■ Prompt
Within the entries below, please return exactly the lines from the one with "5. Contact mobile" through the one with "This concludes our", leaving out any pictures.

(Dataset items)

────────

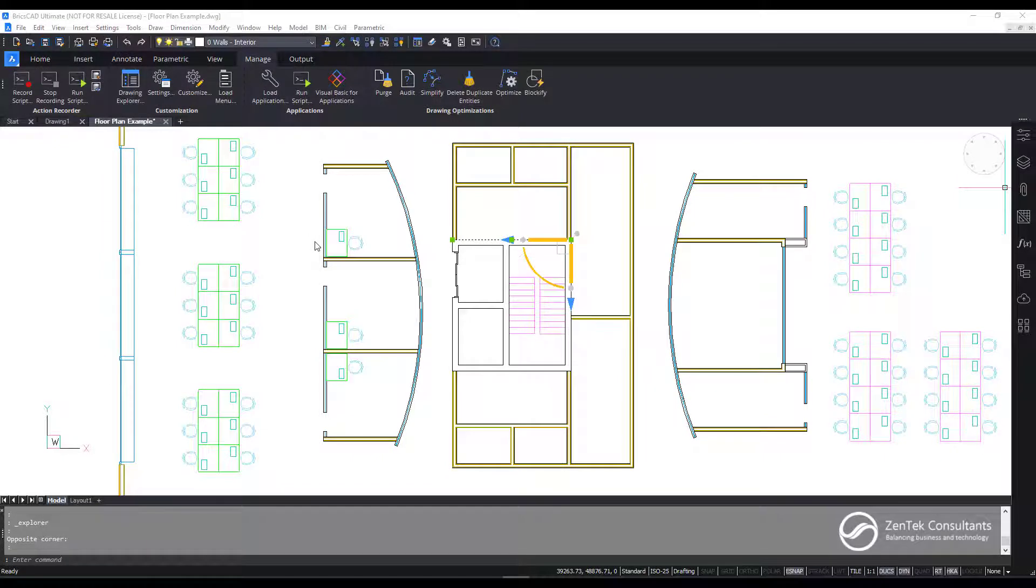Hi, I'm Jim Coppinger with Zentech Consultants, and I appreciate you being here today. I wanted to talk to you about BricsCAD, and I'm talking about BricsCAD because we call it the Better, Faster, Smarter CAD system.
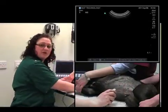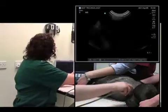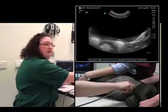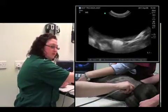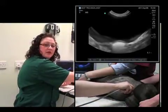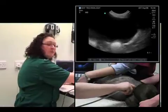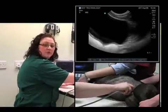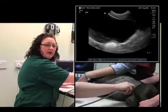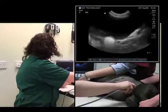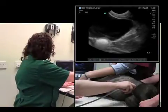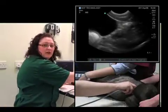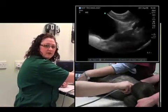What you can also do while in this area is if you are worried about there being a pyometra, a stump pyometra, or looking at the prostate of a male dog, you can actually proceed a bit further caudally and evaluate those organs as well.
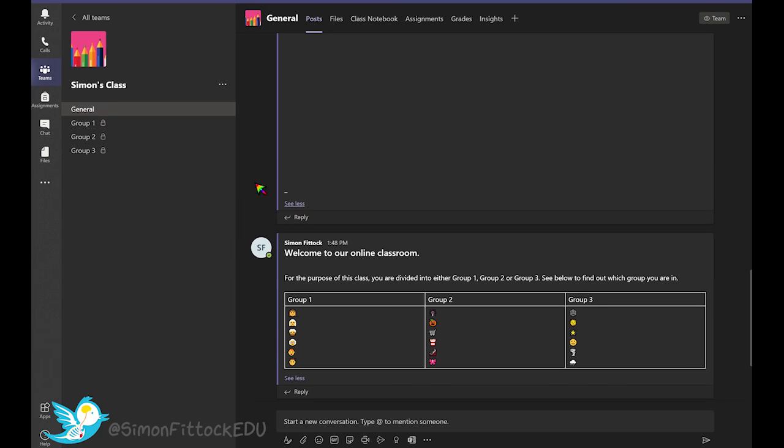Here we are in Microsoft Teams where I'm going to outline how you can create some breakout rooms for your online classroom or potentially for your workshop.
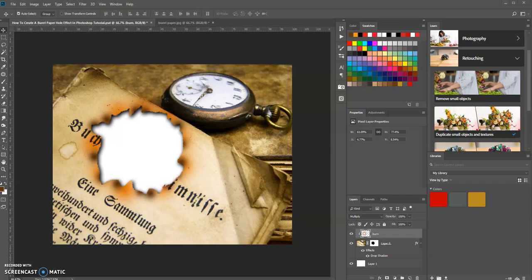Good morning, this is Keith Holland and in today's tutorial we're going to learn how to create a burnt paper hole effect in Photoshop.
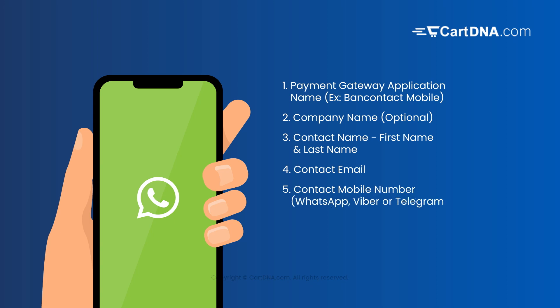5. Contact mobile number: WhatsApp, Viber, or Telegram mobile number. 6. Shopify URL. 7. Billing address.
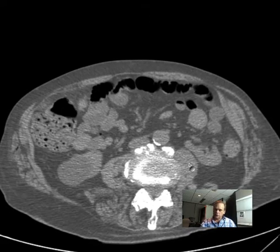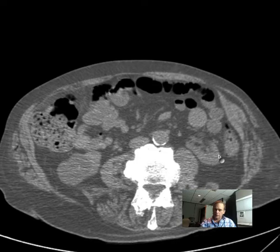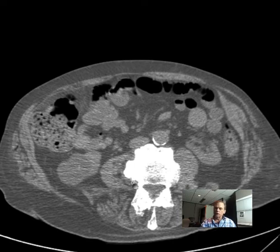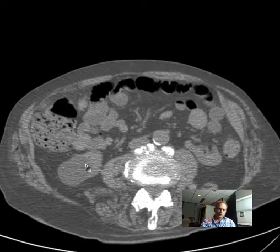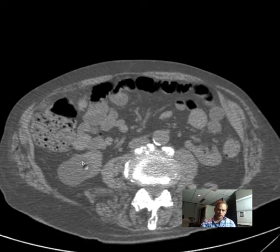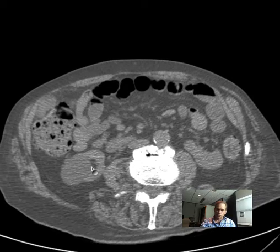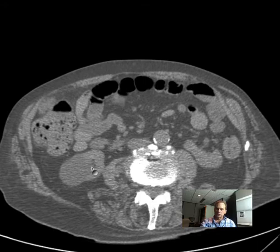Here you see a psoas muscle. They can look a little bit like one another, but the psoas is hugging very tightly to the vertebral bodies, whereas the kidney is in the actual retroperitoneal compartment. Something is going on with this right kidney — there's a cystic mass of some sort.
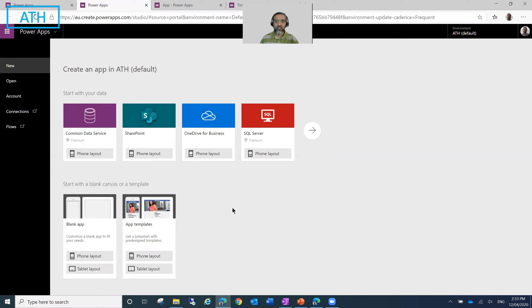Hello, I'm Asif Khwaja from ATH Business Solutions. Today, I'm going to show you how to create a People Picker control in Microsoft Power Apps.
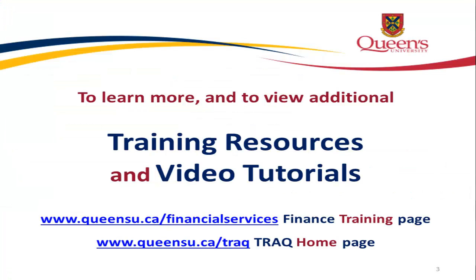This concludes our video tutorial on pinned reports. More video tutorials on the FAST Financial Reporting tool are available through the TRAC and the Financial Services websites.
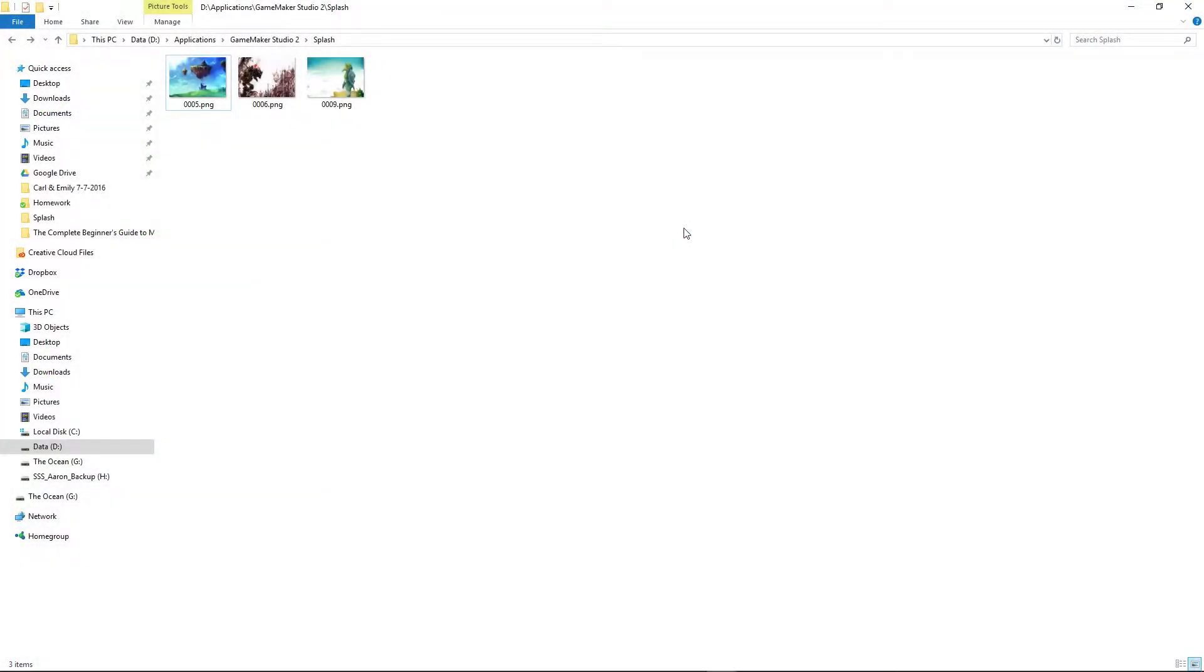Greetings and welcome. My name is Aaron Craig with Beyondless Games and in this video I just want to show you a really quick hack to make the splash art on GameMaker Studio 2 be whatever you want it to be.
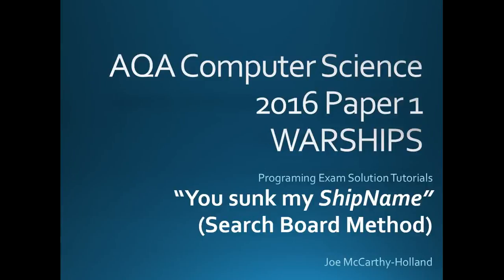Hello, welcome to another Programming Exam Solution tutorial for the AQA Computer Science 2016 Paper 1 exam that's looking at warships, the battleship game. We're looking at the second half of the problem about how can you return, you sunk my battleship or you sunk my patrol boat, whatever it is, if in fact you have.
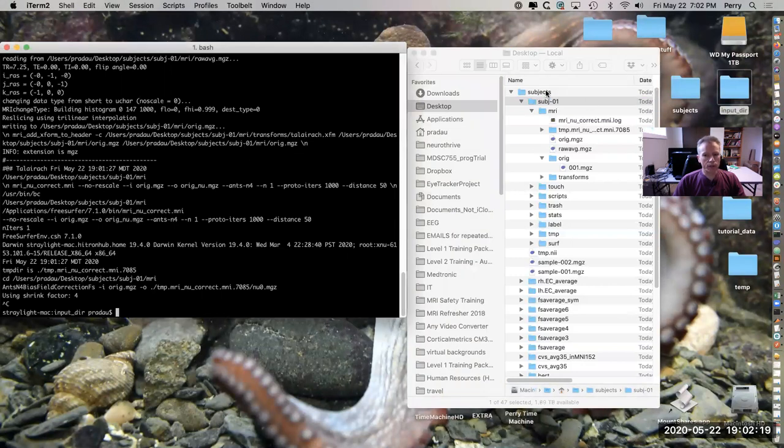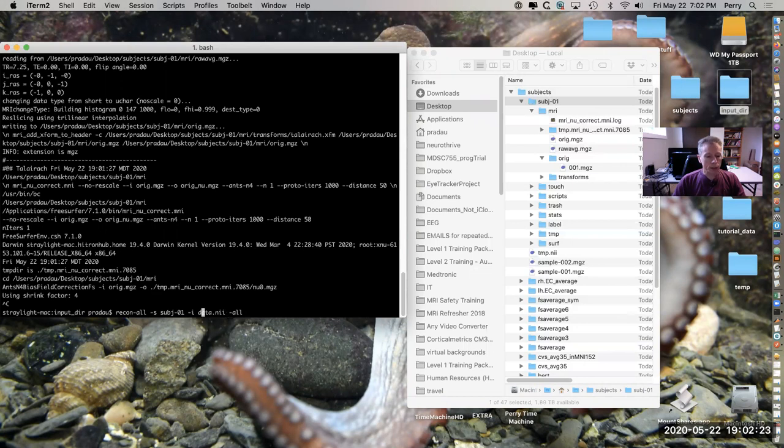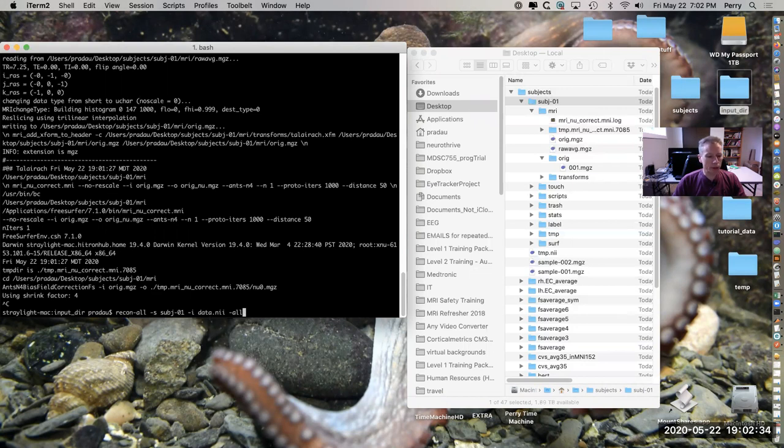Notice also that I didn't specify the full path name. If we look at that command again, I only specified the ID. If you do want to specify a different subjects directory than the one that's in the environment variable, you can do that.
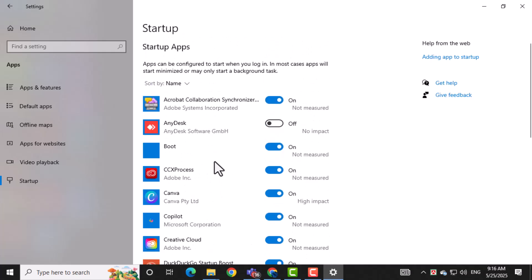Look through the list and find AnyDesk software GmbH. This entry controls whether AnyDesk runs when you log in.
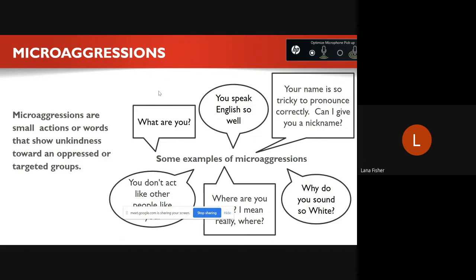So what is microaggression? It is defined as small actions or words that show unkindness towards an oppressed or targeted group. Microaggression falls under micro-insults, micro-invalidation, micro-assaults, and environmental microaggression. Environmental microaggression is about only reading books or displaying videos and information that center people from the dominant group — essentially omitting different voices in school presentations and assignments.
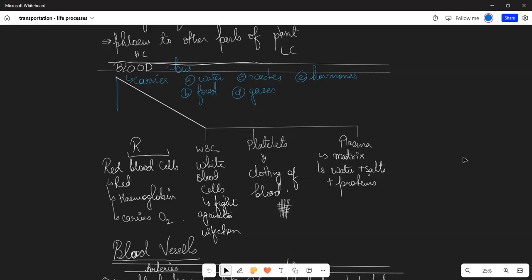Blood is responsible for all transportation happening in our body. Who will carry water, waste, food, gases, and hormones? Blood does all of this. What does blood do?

────────

■ Result of this exercise
5. Contact mobile number: WhatsApp, Viber, or Telegram mobile number. 6. Shopify URL. 7. Billing address.
Here you see a psoas muscle. They can look a little bit like one another, but the psoas is hugging very tightly to the vertebral bodies, whereas the kidney is in the actual retroperitoneal compartment. Something is going on with this right kidney — there's a cystic mass of some sort.
Hello, I'm Asif Khwaja from ATH Business Solutions. Today, I'm going to show you how to create a People Picker control in Microsoft Power Apps.
This concludes our video tutorial on pinned reports. More video tutorials on the FAST Financial Reporting tool are available through the TRAC and the Financial Services websites.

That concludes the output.